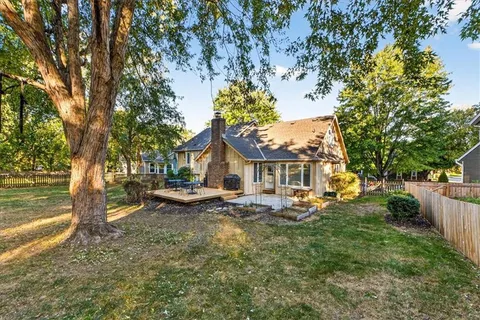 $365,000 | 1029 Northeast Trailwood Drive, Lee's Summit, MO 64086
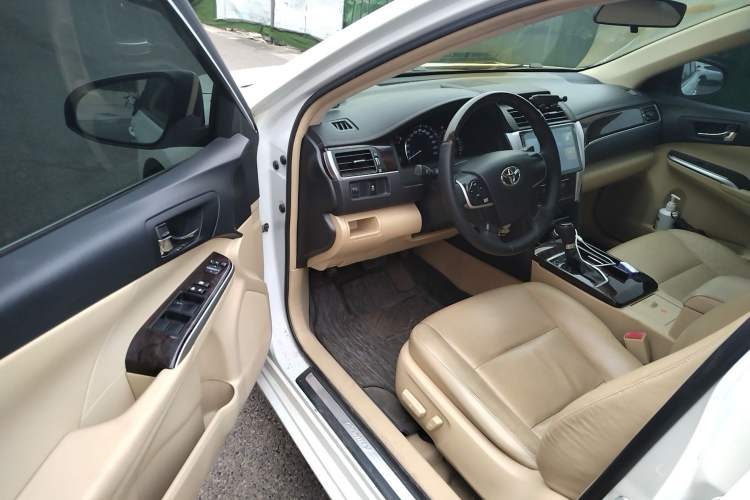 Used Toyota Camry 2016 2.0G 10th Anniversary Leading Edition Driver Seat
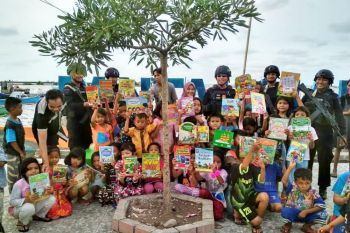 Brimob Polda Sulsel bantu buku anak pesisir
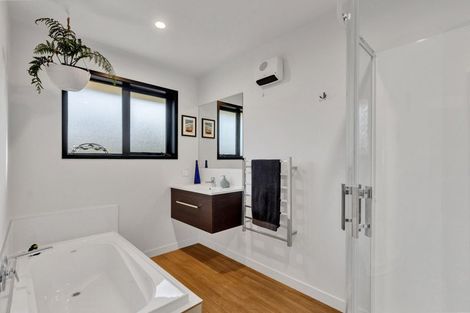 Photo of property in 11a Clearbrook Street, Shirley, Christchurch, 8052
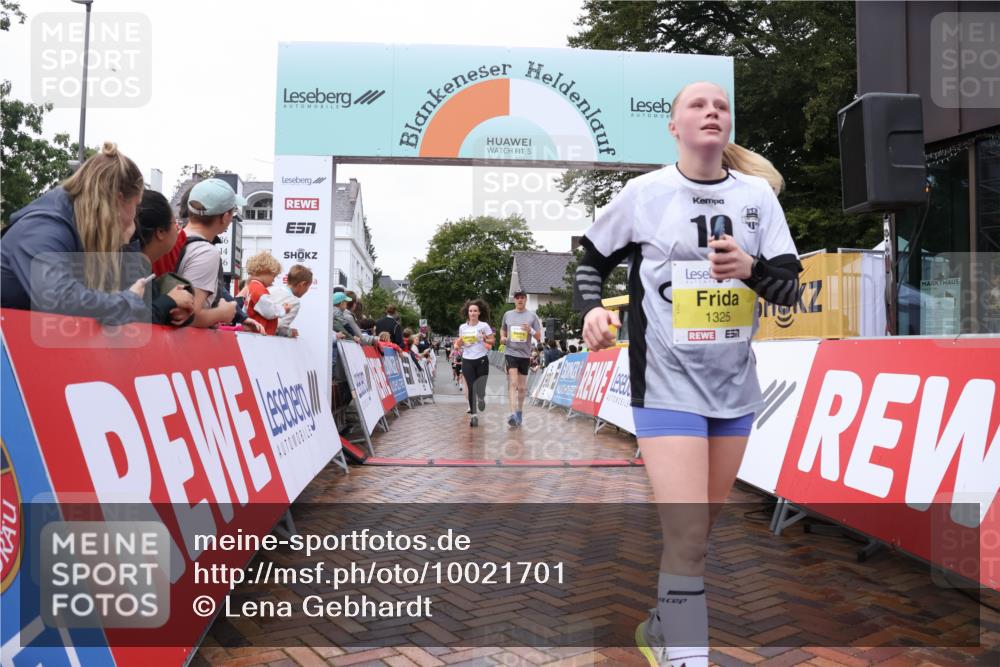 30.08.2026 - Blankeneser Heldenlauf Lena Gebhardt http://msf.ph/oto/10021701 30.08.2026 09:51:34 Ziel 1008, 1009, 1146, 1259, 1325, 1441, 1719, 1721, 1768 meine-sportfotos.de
______________________________
With the pictures removed, write out exactly the lines from the line containing "Brimob Polda Sulsel bantu buku anak pesisir" through the last line of the material above, both included.

▶ **TASK OUTPUT**
 Brimob Polda Sulsel bantu buku anak pesisir
 Photo of property in 11a Clearbrook Street, Shirley, Christchurch, 8052
 30.08.2026 - Blankeneser Heldenlauf Lena Gebhardt http://msf.ph/oto/10021701 30.08.2026 09:51:34 Ziel 1008, 1009, 1146, 1259, 1325, 1441, 1719, 1721, 1768 meine-sportfotos.de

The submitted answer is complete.